Maria Teresa ha rilevato l’azienda vitivinicola del padre, produce rinomati vini Barolo e Nebbiolo rispettando rigorosamente la tradizione, ma, in cuor suo, dopo la laurea in Lingue e Letterature Straniere credeva di poter vivere facendo altro. Silvio, abbandona il proprio mestiere, ben retribuito, di piastrellista per produrre formaggi tradizionali in un paesino in collina, dove ha trasferito la sua famiglia e cinquanta pecore. Mauro, infine, ex magazziniere della grande distribuzione, dopo il licenziamento decide di produrre e vendere pasta artigianale fatta a mano. Sono tre storie di vita, in equilibrio precario tra “normalità” ed “estremismo”, slegate tra loro ma accomunate nel raccontare una territorialità comune, le Langhe, scenario di bellezza universalmente riconosciuta.
I personaggi appena descritti sono i protagonisti di un lungometraggio che, pur non edificato su basi ambientaliste o di stretta militanza, riesce ad esprimere concetti fondamentali e invita lo spettatore a riflettere su problemi endemici della nostra società.
L’artefice di questa intrigante prospettiva è Paolo Casalis, architetto braidese, regista del documentario Langhe Doc – Storie di eretici nell’Italia dei capannoni. Come ci ha raccontato, Paolo non si occupa, né teoricamente, né attivamente, di ambientalismo, non rappresenta realtà politiche o associazioni di alcun tipo. In questo documentario, che, ricorda, non è un universo a 360 gradi ma un personalissimo racconto sulle sue Langhe, il regista invita alla riflessione illustrandoci le storie di Maria Teresa, Silvio e Mauro, diverse tra loro per esperienze di vita ma unite dalla volontà, dalla necessità, anche spirituale, di cambiare la loro prospettiva per intraprendere un nuovo cammino.

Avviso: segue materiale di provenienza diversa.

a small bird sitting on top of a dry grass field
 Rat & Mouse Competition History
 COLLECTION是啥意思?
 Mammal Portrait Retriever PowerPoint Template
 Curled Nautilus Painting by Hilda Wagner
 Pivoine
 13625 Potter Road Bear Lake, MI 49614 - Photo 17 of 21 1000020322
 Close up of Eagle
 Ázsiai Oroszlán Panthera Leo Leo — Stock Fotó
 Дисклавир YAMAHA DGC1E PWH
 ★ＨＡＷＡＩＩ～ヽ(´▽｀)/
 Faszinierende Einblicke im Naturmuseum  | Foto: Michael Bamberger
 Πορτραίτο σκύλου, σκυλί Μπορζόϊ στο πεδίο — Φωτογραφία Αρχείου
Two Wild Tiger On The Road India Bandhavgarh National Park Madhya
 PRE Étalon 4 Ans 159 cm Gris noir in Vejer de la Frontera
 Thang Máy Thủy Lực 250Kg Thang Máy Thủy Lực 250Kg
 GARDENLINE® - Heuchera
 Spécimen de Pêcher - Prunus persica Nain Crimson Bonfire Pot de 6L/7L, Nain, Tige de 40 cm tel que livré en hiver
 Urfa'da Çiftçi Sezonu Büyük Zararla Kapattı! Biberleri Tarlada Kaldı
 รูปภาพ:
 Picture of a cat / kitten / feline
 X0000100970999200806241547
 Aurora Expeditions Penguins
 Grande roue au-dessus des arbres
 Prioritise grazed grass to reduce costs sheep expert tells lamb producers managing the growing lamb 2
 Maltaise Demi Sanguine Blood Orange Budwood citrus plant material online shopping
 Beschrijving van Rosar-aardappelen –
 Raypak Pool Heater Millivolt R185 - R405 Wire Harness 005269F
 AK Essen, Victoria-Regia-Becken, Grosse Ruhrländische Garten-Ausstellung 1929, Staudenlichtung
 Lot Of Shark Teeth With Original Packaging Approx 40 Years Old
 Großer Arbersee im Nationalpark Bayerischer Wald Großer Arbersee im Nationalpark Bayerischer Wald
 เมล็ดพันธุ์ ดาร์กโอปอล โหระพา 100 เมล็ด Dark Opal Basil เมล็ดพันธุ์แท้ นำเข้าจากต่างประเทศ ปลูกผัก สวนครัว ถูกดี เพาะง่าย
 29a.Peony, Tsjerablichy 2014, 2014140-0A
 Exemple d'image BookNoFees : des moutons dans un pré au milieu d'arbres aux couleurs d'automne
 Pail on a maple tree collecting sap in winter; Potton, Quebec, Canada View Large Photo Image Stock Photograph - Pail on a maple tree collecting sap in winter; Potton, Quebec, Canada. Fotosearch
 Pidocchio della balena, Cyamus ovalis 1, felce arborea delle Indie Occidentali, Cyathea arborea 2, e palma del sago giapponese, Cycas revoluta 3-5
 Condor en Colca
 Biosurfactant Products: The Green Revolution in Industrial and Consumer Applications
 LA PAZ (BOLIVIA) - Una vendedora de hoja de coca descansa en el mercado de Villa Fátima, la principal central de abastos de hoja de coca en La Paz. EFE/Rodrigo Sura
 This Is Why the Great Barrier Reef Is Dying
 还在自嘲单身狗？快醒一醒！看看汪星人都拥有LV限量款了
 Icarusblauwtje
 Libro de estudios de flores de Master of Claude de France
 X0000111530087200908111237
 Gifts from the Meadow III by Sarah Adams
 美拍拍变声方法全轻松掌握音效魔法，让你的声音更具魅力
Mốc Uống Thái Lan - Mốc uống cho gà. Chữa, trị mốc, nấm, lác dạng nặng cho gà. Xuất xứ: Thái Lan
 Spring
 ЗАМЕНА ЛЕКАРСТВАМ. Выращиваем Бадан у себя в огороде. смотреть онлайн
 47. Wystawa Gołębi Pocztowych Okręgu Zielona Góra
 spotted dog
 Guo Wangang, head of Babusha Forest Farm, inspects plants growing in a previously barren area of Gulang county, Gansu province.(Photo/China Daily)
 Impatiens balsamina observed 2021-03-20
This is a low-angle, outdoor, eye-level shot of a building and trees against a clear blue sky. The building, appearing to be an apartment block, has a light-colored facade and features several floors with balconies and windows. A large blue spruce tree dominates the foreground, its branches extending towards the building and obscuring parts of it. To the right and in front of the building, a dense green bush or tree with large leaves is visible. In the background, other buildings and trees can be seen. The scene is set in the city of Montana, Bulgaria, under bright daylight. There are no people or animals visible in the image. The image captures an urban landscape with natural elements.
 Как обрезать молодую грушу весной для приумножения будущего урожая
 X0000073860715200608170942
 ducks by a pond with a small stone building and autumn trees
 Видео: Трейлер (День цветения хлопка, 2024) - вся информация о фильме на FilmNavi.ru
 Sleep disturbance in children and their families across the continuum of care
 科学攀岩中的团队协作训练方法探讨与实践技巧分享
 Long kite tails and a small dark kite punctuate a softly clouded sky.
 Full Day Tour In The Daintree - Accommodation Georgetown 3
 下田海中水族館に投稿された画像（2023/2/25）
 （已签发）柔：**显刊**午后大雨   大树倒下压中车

L’obiettivo di Casalis «Non è dare una visione globale delle problematiche e dei valori di un territorio, quanto piuttosto raccontare delle storie e sollevare nello spettatore dei dubbi, delle domande. Per questo motivo ho scelto di raccontare nel film tre storie “estreme”, storie di eretici, (eretici come li ha definiti il giornalista Federico Ferrero, ndr) di chi pensa e agisce in modo diverso. Non mi interessa che le loro storie siano pienamente compiute, o possano dare piena risposta a quesiti di carattere generale».
Nell’intreccio delle scelte e delle difficoltà di ogni rinascita si inserisce l’aspetto ambientale, la luce che giunge dal mostrare questo splendido angolo di terra sotto una lente diversa. Questo paesaggio che, con la consueta lucidità e schiettezza, lo scrittore Giorgio Bocca, voce introduttiva al documentario, fotografa così: «Nel breve spazio della mia lunga vita l’Italia è cambiata in una maniera spaventosa. É tutta una lotta contro il tempo, bisogna riuscire a diventare civili prima che il disastro sia completo. Bisogna vedere se arriviamo ancora in tempo a salvare questo paesaggio. Per me in gran parte l’abbiamo già distrutto…».
Proprio nelle Langhe la coabitazione tra uomo e natura ha raggiunto vertici eccelsi: una terra in apparenza dura, severa ha concesso all’uomo di ricavare prelibatezze enogastronomiche; le sue vigne sono geometriche perfezioni di uno spazio che sa attrarre turisti in ogni momento dell’anno, tanto che, e questa è storia recente, alcune porzioni del suo territorio sono candidate a divenire “Patrimonio dell’Umanità Unesco”.
Tale candidatura, come afferma Casalis «è, ad oggi, un tema molto “nebuloso”: potrebbe essere una grande occasione, oppure semplicemente un’etichetta di qualità da applicare al territorio».
«Ad oggi – come dice Maria Tersa Mascarello nel film- siamo candidati a patrimonio dell’Umanità ma il cemento non si ferma, e neppure si è smesso di piantare viti».
I radicali processi di trasformazione economica e paesaggistica, l’urbanizzazione, il progressivo abbandono delle aree rurali e di certi tradizionali mestieri, nonché la cementificazione, rischiano di trasformare gran parte del territorio langarolo in quella che, nel documentario, Giorgio Bocca definisce “l’Italia dei capannoni”.
Costruita attraverso un montaggio ed una fotografia impeccabili, frutto di una ricerca e un’attenzione cinematografica non comuni, “Langhe Doc” è una storia da vedere, assaporare, slowly, come un bicchiere del vino di Maria Teresa o un formaggio di Silvio oppure ancora una pasta fatta a mano di Mauro. Il sapore di una Terra che passa attraverso il lavoro della sua gente.